0.4 seems normal. The epoch500 is a model trained with the dataset from Google driver. The data contains 18,233,872 records as mentioned in the paper.

ahzz1207 · 2019-05-07T02:20:50Z

Hello , I used the original data set on your cloud disk, ran 1000 epoch with the original parameter keras model, and the chunksize was 200,000.However, the best val_loss of the optimal model during training is about 0.00016. I used the optimal model to run eval function, and the result top10 is about 0.79, and MRR is about 0.53, which is slightly different from your paper.When search was tested in the use_dataset, the highest similar score was around 0.36. What is the problem?Thank you for your reply!

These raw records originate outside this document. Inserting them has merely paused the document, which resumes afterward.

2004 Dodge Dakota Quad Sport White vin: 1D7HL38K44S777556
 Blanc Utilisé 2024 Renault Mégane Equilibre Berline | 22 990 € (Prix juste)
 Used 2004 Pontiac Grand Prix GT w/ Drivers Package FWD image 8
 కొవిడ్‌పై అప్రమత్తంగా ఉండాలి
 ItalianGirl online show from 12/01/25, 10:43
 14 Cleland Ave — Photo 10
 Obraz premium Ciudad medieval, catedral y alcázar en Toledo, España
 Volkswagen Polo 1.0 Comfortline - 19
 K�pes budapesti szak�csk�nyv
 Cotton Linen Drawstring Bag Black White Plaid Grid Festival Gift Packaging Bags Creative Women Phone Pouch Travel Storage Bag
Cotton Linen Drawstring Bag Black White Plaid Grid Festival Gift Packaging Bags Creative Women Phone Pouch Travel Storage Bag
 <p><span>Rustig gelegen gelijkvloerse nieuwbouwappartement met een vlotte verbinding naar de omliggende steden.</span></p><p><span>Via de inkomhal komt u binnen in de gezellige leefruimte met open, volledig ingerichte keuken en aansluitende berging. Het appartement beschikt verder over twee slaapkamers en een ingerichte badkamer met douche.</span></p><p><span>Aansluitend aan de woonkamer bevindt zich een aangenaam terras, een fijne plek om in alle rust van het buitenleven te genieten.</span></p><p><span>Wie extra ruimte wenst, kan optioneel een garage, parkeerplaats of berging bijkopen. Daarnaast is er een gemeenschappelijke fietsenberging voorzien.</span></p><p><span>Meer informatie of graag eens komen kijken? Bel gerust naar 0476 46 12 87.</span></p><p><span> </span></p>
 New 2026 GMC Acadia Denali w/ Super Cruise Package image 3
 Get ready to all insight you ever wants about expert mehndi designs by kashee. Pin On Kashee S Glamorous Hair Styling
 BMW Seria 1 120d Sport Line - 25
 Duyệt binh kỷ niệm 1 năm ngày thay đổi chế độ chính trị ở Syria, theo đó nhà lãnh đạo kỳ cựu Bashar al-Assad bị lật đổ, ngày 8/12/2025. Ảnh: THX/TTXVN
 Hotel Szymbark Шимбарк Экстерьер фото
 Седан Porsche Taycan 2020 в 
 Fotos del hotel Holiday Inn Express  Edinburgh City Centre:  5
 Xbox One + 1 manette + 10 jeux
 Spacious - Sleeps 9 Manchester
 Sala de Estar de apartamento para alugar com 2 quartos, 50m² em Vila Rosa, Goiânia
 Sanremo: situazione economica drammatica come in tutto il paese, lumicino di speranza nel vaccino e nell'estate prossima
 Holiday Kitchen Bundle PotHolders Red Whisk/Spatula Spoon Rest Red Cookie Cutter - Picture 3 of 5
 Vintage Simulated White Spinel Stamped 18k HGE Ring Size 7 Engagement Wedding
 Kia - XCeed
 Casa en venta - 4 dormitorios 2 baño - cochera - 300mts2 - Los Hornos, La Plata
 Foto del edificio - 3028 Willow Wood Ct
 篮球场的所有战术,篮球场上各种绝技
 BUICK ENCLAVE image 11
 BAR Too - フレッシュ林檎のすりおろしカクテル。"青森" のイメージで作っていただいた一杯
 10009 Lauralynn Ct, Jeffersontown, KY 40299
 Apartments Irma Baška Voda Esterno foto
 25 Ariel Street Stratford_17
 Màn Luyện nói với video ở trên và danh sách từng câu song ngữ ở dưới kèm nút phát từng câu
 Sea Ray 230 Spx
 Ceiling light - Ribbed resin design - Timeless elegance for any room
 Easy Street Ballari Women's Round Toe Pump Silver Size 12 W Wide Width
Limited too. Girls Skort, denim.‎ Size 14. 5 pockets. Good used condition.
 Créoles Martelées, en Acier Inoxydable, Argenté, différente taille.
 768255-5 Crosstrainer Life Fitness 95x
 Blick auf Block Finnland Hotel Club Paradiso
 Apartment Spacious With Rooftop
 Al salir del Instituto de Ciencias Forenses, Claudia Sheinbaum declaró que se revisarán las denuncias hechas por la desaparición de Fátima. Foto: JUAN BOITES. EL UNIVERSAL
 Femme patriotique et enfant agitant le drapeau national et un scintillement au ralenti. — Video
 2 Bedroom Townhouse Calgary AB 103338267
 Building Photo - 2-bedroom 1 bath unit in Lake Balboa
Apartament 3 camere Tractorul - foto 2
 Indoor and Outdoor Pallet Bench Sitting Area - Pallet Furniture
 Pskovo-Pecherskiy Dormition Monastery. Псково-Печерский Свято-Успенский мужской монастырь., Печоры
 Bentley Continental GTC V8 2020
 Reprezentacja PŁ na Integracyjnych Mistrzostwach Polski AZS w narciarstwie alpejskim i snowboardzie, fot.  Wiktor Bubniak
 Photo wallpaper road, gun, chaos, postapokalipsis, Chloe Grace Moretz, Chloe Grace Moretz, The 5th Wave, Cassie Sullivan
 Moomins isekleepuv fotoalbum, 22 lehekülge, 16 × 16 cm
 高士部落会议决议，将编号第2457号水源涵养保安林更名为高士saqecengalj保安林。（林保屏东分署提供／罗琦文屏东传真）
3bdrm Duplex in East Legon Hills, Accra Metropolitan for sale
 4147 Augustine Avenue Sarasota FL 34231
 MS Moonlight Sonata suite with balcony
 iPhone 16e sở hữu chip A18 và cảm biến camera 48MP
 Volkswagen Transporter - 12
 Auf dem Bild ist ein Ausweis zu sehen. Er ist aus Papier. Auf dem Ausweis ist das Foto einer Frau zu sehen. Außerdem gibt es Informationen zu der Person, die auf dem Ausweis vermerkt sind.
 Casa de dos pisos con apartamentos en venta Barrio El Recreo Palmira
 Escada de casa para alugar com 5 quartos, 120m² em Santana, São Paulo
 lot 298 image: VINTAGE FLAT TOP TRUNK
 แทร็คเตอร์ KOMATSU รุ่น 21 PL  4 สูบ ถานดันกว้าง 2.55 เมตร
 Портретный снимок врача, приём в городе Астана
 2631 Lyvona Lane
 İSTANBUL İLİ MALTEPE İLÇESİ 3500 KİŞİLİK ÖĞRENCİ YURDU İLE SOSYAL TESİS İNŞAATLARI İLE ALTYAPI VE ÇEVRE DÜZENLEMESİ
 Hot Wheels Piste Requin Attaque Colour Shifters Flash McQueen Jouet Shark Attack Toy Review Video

guxd · 2019-05-21T20:07:26Z

@ahzz1207 The MRR shown by the program is calculated in a different way to that in the paper. It is automatically computed in the training set. The MRRs shown in the paper is manually calculated by human labeling. 0.36 seems a bit below the expectation. It is usually 0.4
#16

primary-studyer · 2019-09-27T13:15:36Z

I retrained a model with 670 epoches,Compare the selected minimum loss which it is ,the loss is 0.000329920450937,so I stop training it.
but I feel the results are irrelevant .

Input Query: convert string to date
How many results? 10

('public static Class < ? > loadSystemClass ( String className ) throws ClassNotFoundException { return Class . forName ( className ) ; } \n', 0.40123203)

('public static BinaryExpression andAssign ( Expression left , Expression right , Method method , LambdaExpression lambdaExpression ) { throw Extensions . todo ( ) ; } \n', 0.40073127)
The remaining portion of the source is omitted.